Students have been protesting on university campuses across Australia for several weeks now, calling on their institutions to cut ties with weapons manufacturers supplying arms to Israel. Some have noted their intention to stay for months if necessary.
So far, these protests have been largely peaceful. But there have been concerns about student safety. And universities have become increasingly concerned about some of the terms used by some protesters.
Last week, some university leaders sought advice from Attorney-General Mark Dreyfus about whether they should act to remove protesters (Dreyfus replied that he did not provide legal advice).
Police in Victoria have also expressed concerns about the camps escalating into violence.
This raises important legal questions: what does the law say about protests at universities and at what point could either the police or university authorities remove protesters from their campuses?
Freedom of speech and the right to protest
The right to protest – made up of the freedom of speech and assembly – is a central component of a functioning democracy.
Australian universities are a part of this structure as they are established to facilitate learning, knowledge and debate. Additionally, many universities recognise they should promote critical and free enquiry, informed intellectual discourse and public debate.
Most universities in Australia are public institutions and campuses are open to the public. So students and non-students are permitted on university land to protest.
However, the right to protest is also subject to limitations in human rights law. First, the right to protest is limited to peaceful assemblies.
The United Nations has clarified that the right of peaceful assembly cannot be exercised using violence. This includes acts such as physical force against others that is likely to result in injury or death or serious damage to property.
What about hate speech?
But what about the use of hate speech on campuses? Would this be grounds for closing down the protests? There has been concern about the use of terms such as “intifada” during the protests and phrases such as “from the river to the sea”.
In my view, it would be unlawful under human rights law to close down an entire protest simply on the basis that some protesters are using that language.

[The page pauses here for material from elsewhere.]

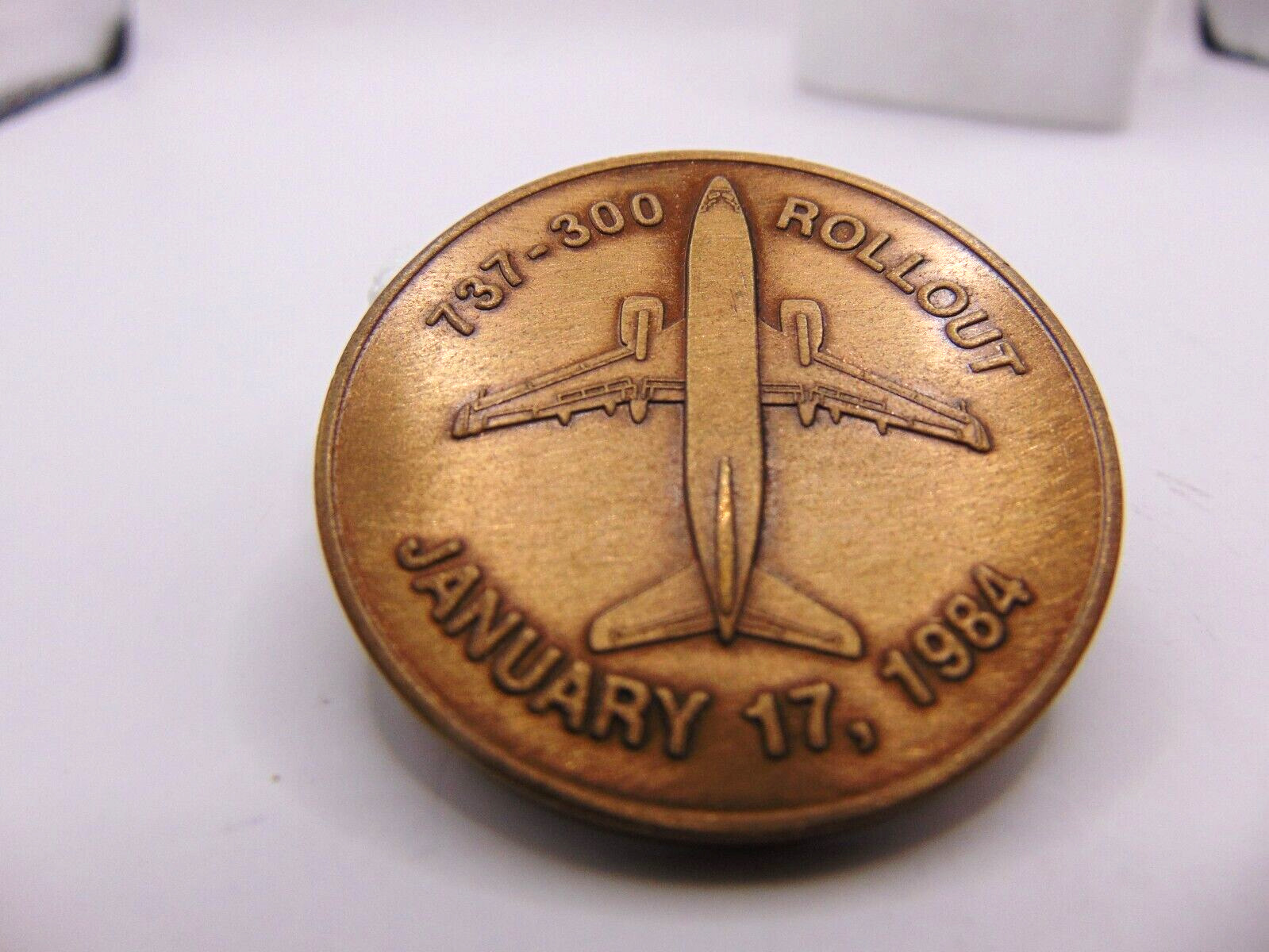 BOEING AIRPLANE METAL COIN COMMEMORATING THE ROLLOUT OF THE FIRST 737-300 1984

Human rights law requires limitations on protests to be reasonable and proportionate. Removing entire encampments could be considered a disproportionate response in this case.
How could individuals respond?
Some Jewish students say they do not feel safe on campuses where these protests are happening.
Individuals can lodge complaints to federal and state human rights commissions about the use of hate speech.
For example, section 18C of the federal Racial Discrimination Act makes it unlawful as a civil matter to “offend, insult, humiliate or intimidate” a person in public on grounds of their race, colour, national origin or ethnicity.
Individuals can make a complaint to the Australian Human Rights Commission, which will investigate the allegation and conduct a conciliation process.
But it does not constitute a criminal offence, which would be grounds to remove the entire protest.
How could police respond?
The powers of police to deal with protests is governed by different state and territory laws. But, generally, police have powers to deal with breaches of the peace and other public disorders.
For instance, in New South Wales, police have special powers to respond to “a riot or other civil disturbance that gives rise to a serious risk to public safety”. Criminal offences such as property damage, assault and physical violence would also allow the police to intervene. So, police could intervene in the protests when criminal acts are taking place.
However, the police would still be expected to react with a proportionate response, and criminal offences by a few protesters would not warrant the removal of the entire encampment.
On top of this, police in the Australian Capital Territory, Victoria and Queensland would be required to consider the human rights charters that exist in those jurisdictions.
At what point could universities limit the protests?
The power of universities to intervene is more complicated. This is because Australian public universities are established under federal and state legislation and so they are not wholly private institutions. This means they are not free to stop people coming onto their property in the same way that a private company is.
But as a place of work, they also have legal obligations to ensure the safety of all people who work and study at their campuses.
In addition, most have academic freedom policies where they commit to allowing freedom of speech on campuses, as well as codes of conduct governing appropriate behaviour, which would apply to staff and students participating in the protests.
So, university heads would need to consider the complexities of all of these laws and policies in planning any intervention.
Essentially, the power of universities to intervene would depend on the nature of the protests.
For example, if the protests are disrupting classes or exams, this would not be grounds to remove the entire encampment, but may empower the university to ask the protesters to move to an area that is less disruptive. Importantly, universities in the ACT, Victoria and Queensland would be obliged to act in accordance with their human rights charters and not act disproportionately when dealing with protesters.
On a practical level, given the numbers of protesters involved, universities would probably need police to help disperse them. They do have university security, but not at the levels required to move protesters safely.
So, if there is going to be any limitation or removal of the protests in a lawful manner, it needs to happen only where necessary, reasonable and proportionate to do so.